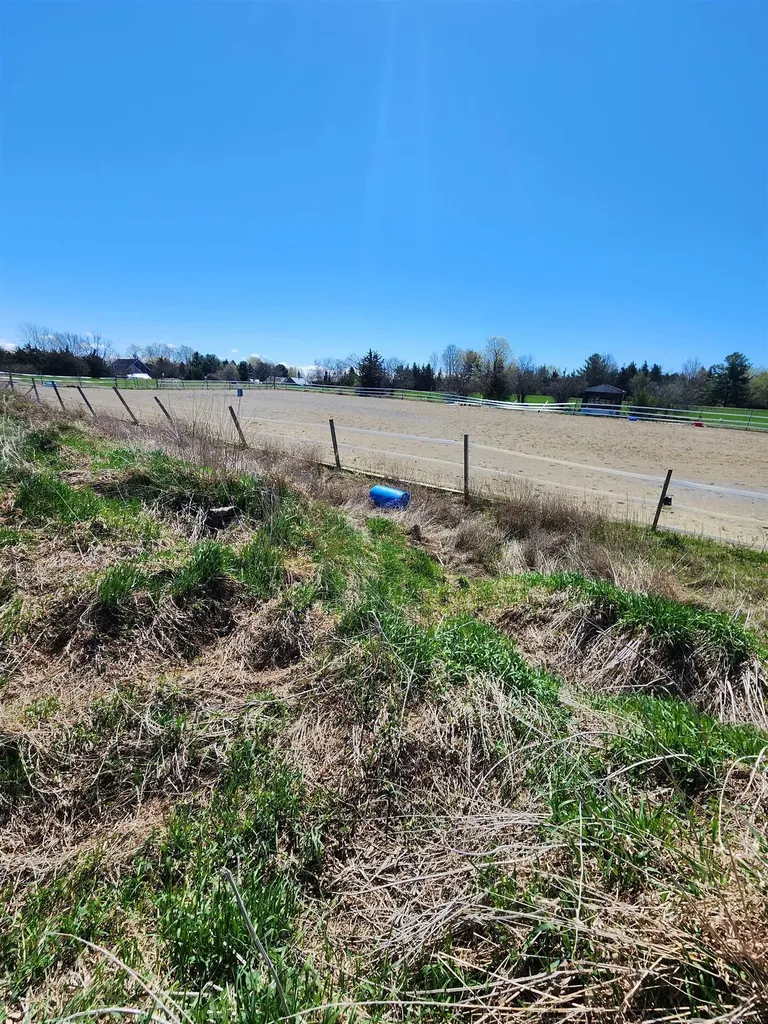 16 Us Route 2 Highway Grand Isle VT 05458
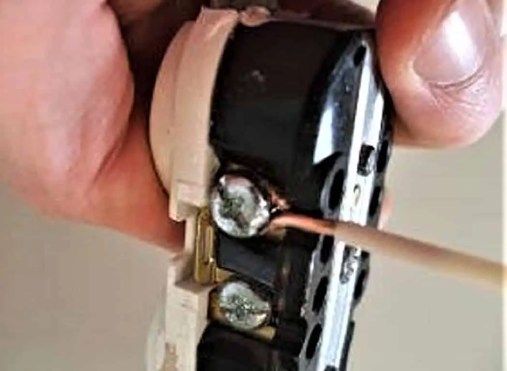 ¿Cómo evitar el calentamiento del cable en el terminal de tornillo?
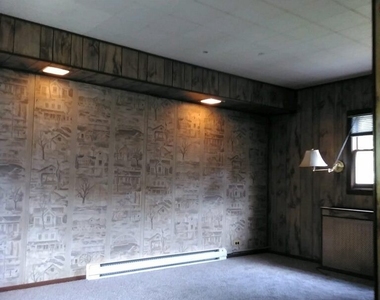 966 S Centre Street - Photo Thumbnail 2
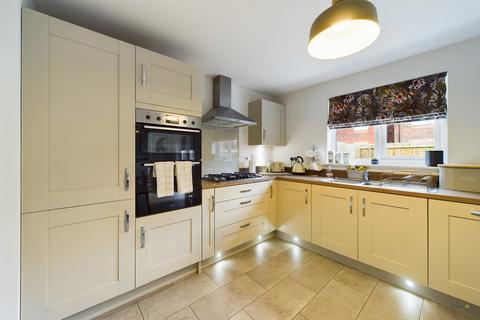 4 bedroom detached house for sale, Roman Drive, Burton-on-Trent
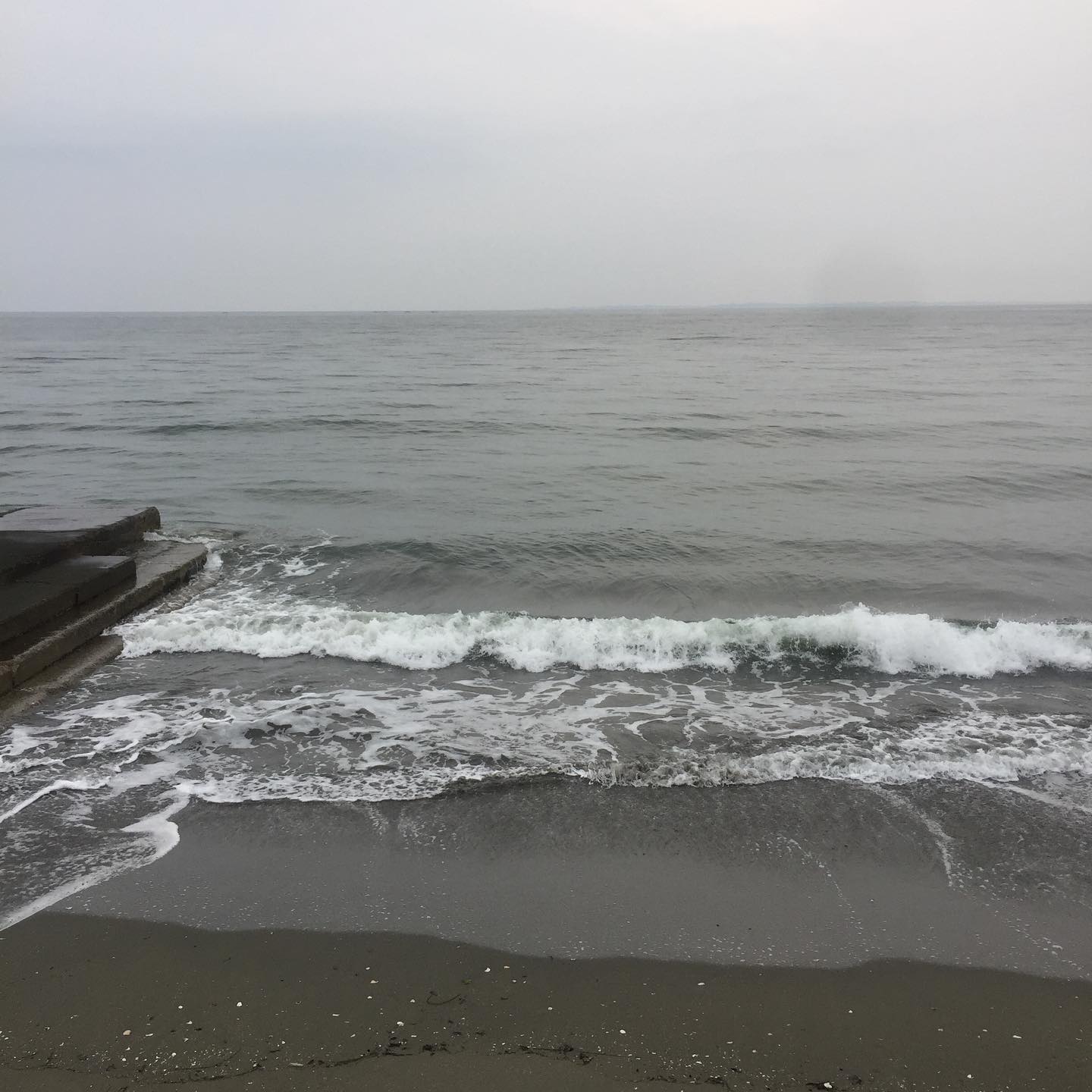 鈴木正和 三重県二見の海 朝から どんより曇ってる Facebook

Problem: Your answer should copy the listing word for word, with no pictures in it.

Expected answer:
 16 Us Route 2 Highway Grand Isle VT 05458
 ¿Cómo evitar el calentamiento del cable en el terminal de tornillo?
 966 S Centre Street - Photo Thumbnail 2
 4 bedroom detached house for sale, Roman Drive, Burton-on-Trent
 鈴木正和 三重県二見の海 朝から どんより曇ってる Facebook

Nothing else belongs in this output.